══ DATA EXTRACTS
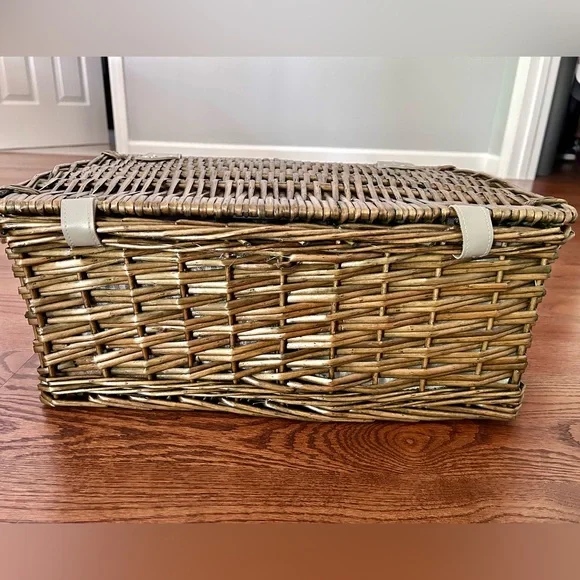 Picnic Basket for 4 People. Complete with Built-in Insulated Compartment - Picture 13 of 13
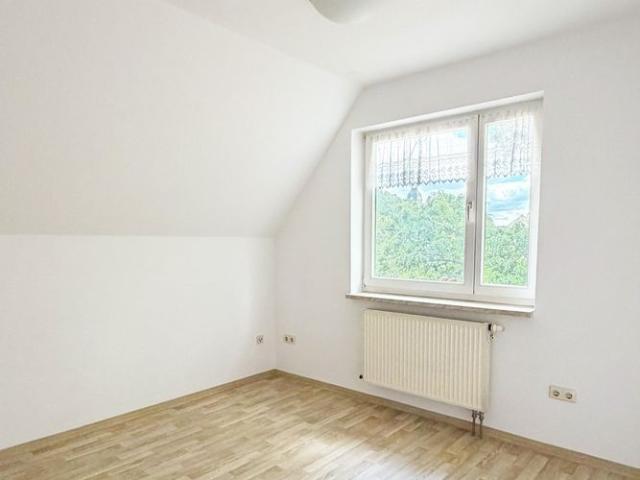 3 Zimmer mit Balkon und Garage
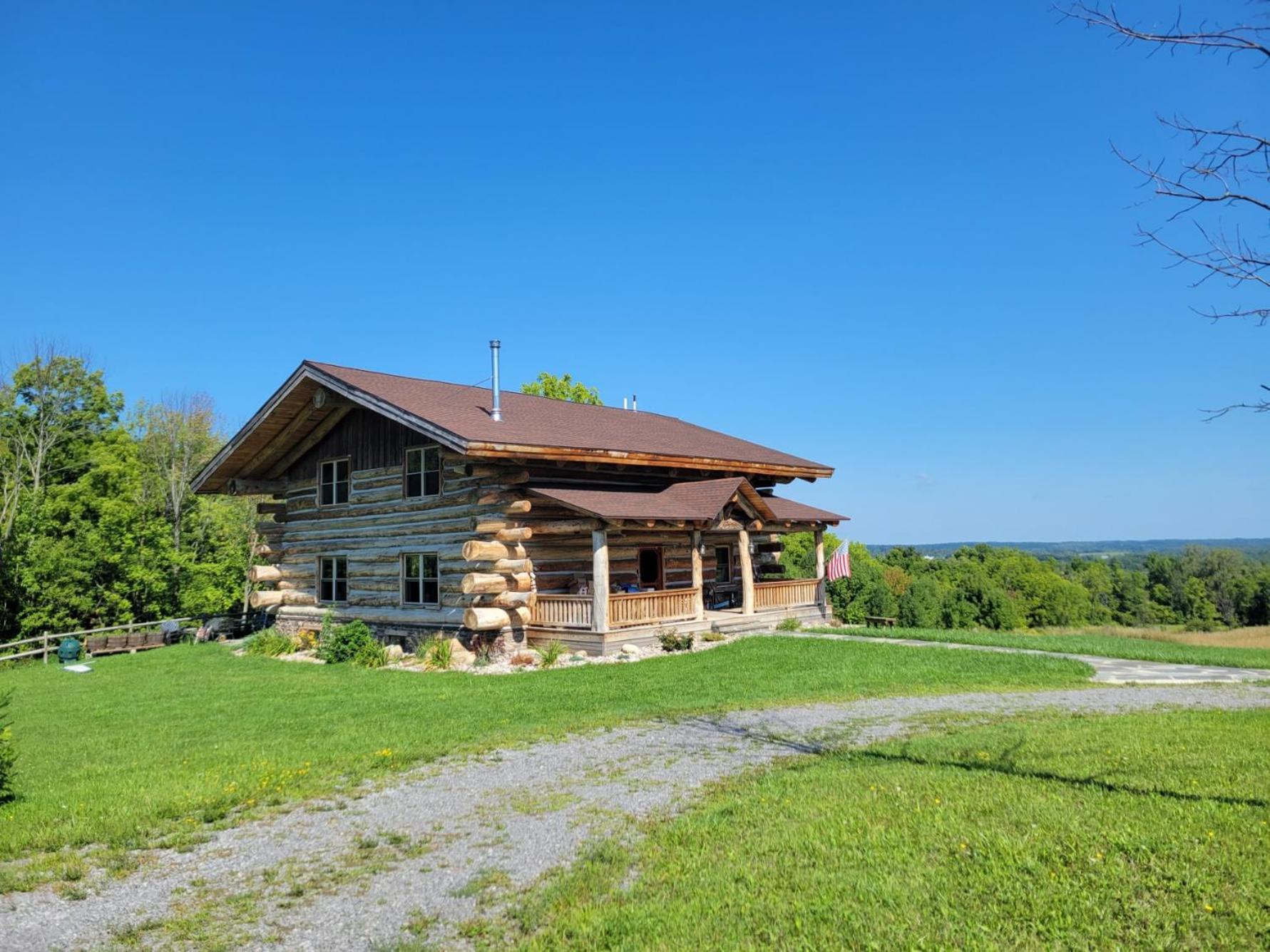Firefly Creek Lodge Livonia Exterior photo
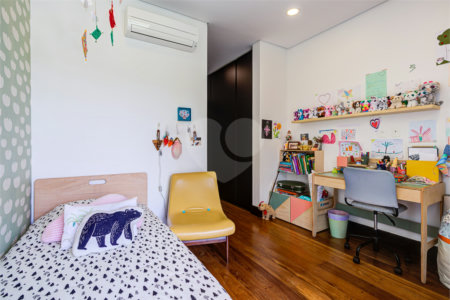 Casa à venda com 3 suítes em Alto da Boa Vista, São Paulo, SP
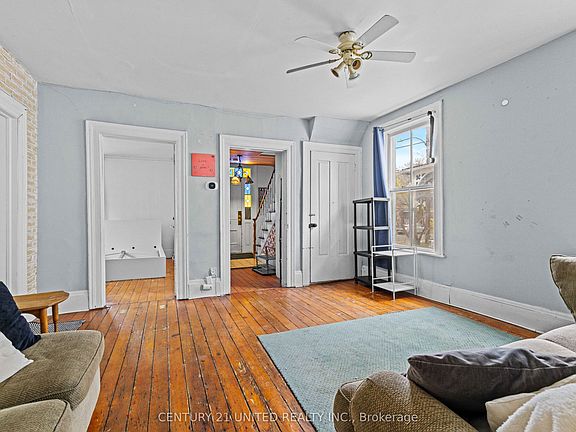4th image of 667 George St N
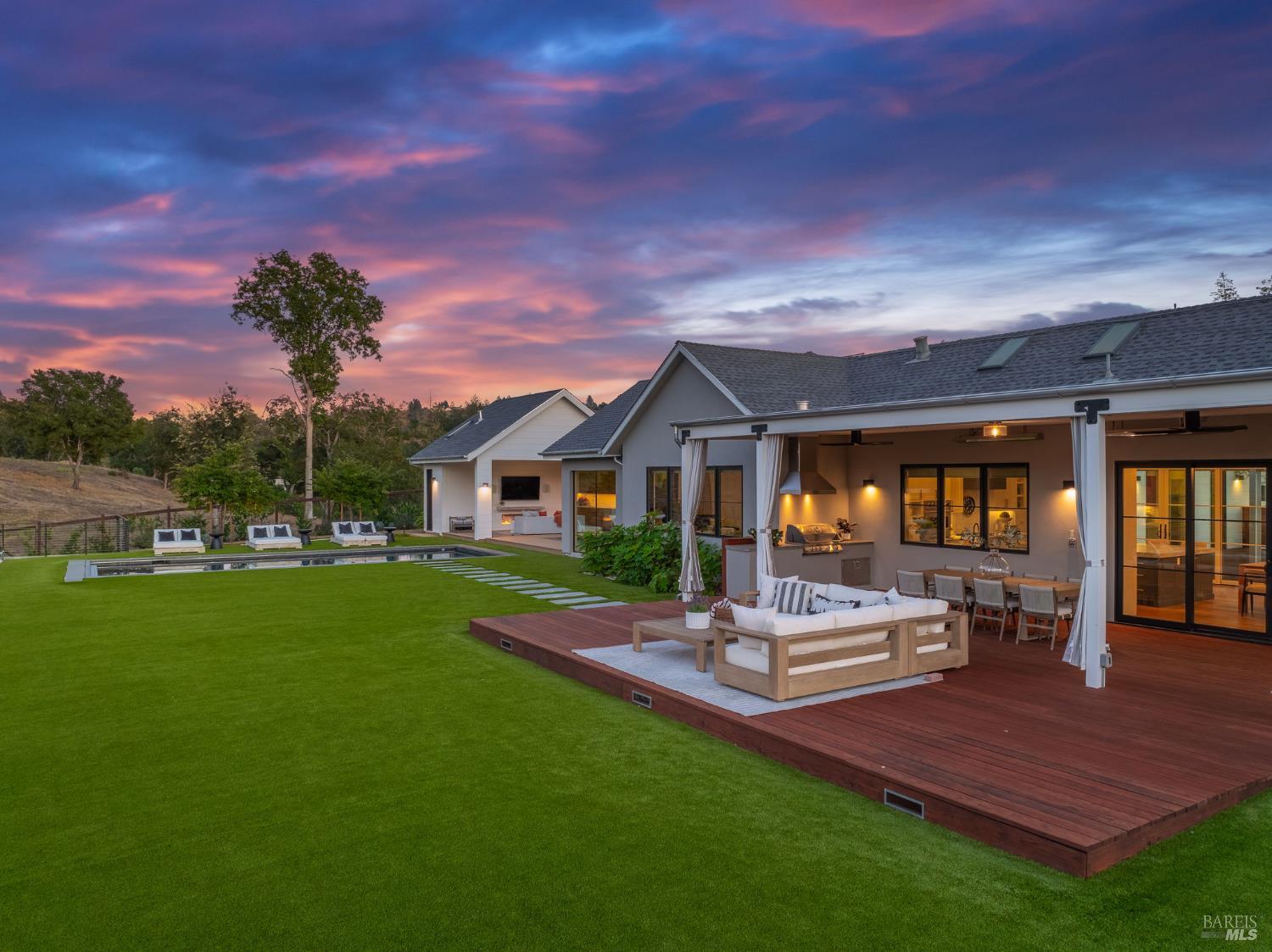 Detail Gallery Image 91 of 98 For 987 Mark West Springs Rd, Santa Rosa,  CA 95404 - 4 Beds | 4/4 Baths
════
══ DATA EXTRACTS
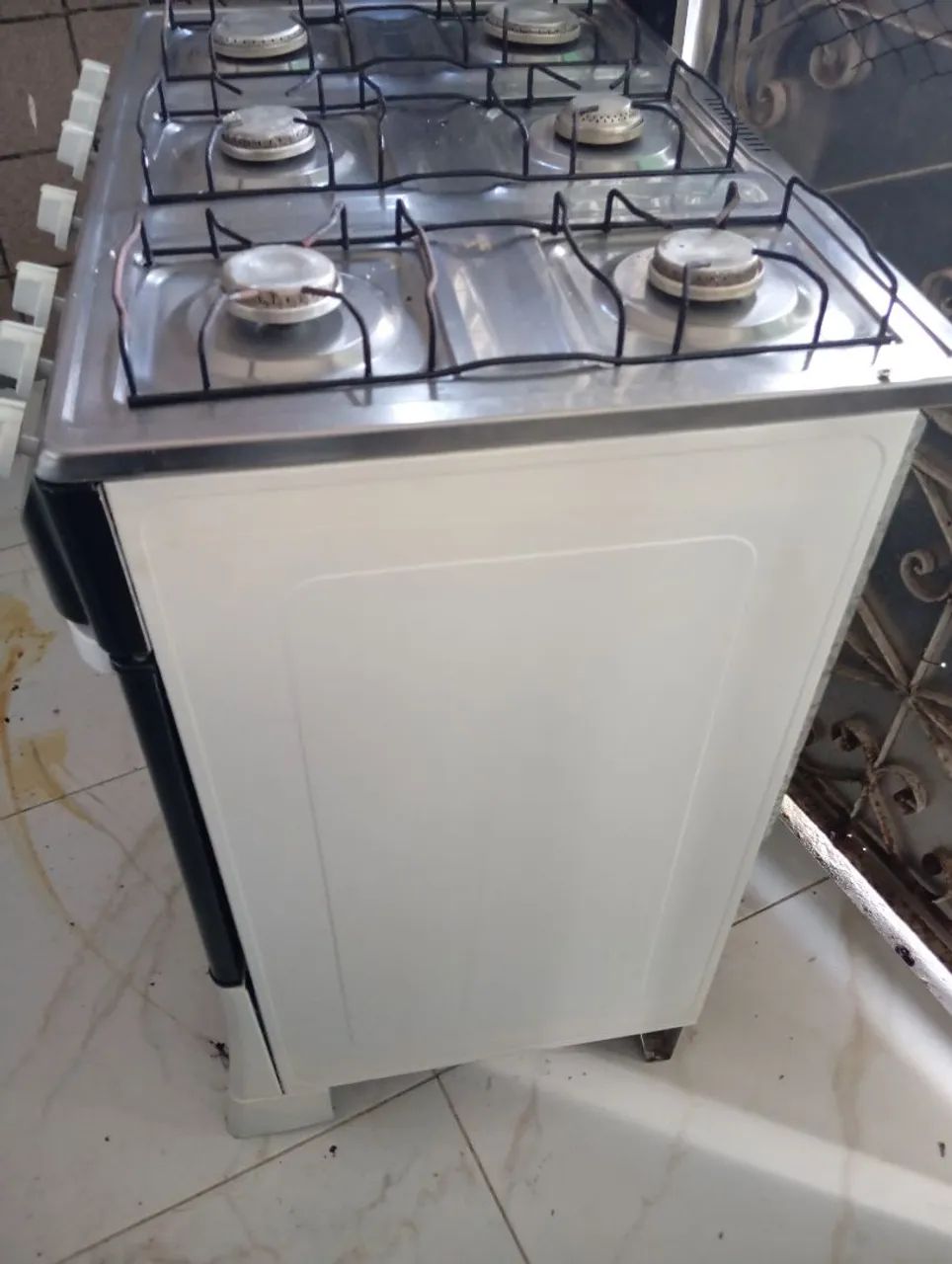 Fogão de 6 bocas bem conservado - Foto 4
════
══ DATA EXTRACTS
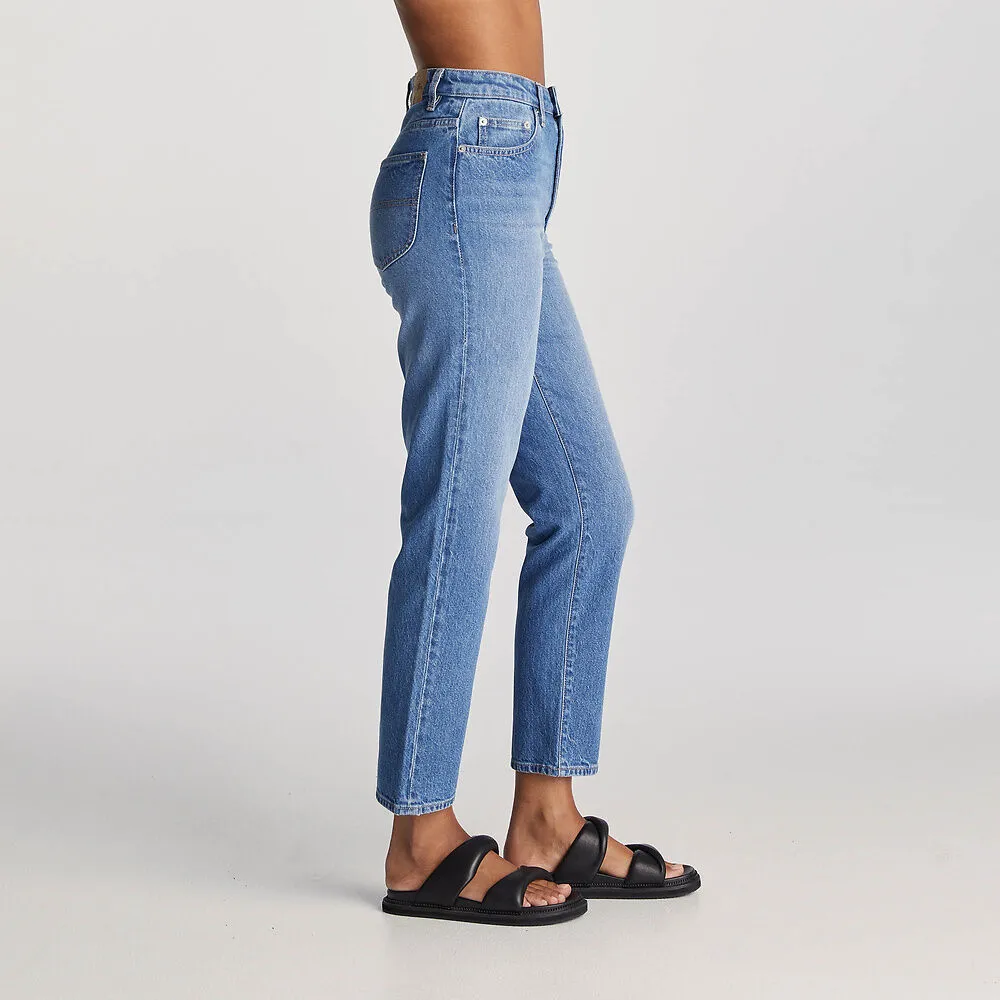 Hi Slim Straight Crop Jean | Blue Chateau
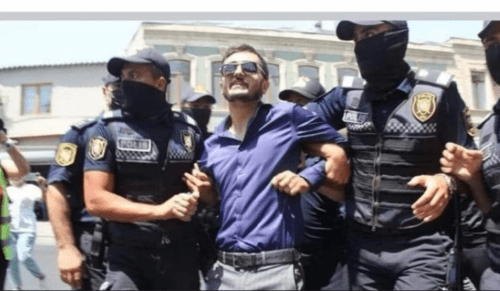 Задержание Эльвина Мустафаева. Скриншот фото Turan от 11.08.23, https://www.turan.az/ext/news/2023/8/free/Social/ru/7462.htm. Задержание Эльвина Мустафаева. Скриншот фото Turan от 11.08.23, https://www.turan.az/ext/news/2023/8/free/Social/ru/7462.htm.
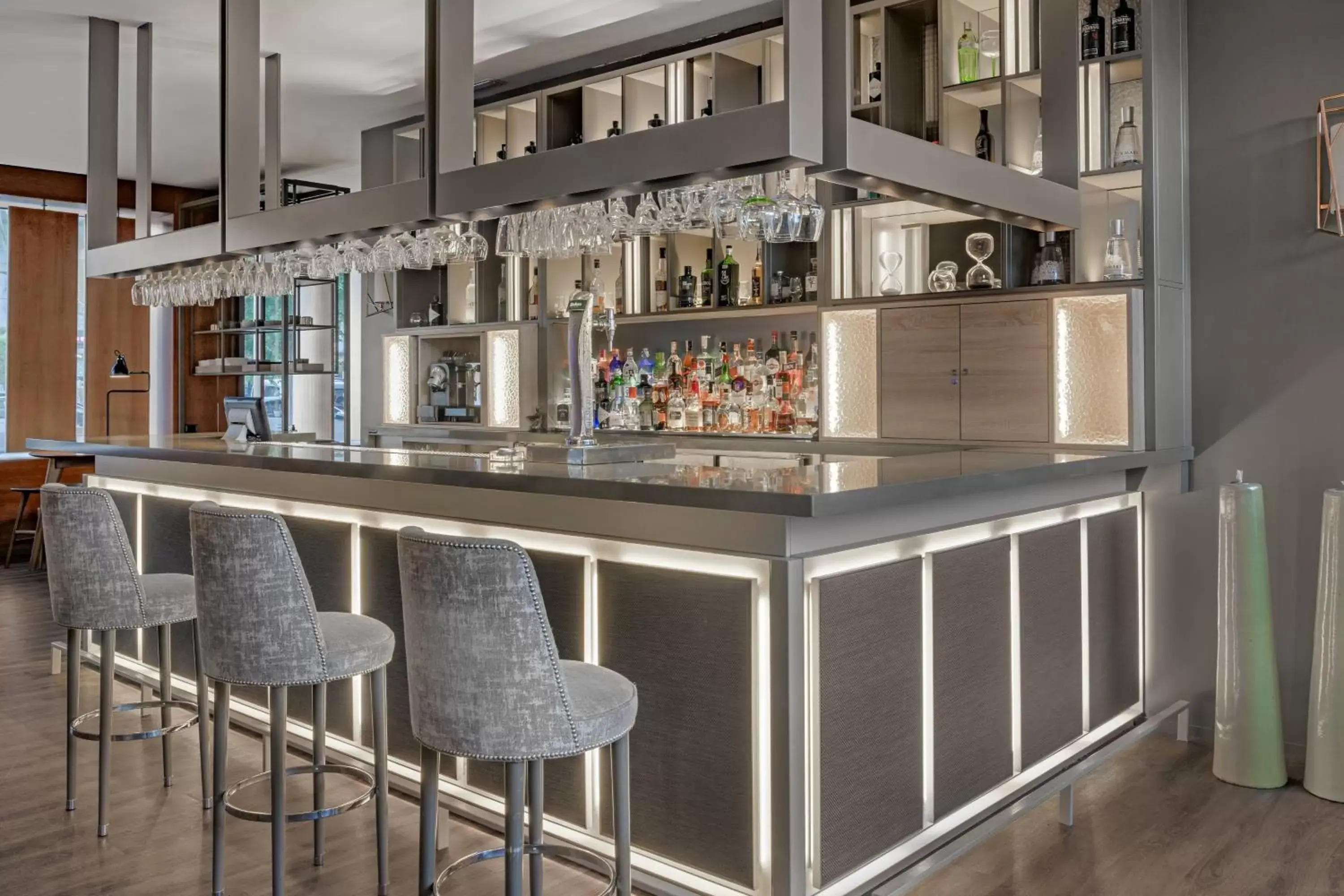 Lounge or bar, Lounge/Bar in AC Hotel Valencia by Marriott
════
→ WORK REQUIRED:
Write out word for word the lines of the listing above from the line with "Picnic Basket for" to the line with "Detail Gallery Image", taking in both of those lines but no pictures.

→ EXERCISE RESPONSE:
 Picnic Basket for 4 People. Complete with Built-in Insulated Compartment - Picture 13 of 13
 3 Zimmer mit Balkon und Garage
Firefly Creek Lodge Livonia Exterior photo
 Casa à venda com 3 suítes em Alto da Boa Vista, São Paulo, SP
4th image of 667 George St N
 Detail Gallery Image 91 of 98 For 987 Mark West Springs Rd, Santa Rosa,  CA 95404 - 4 Beds | 4/4 Baths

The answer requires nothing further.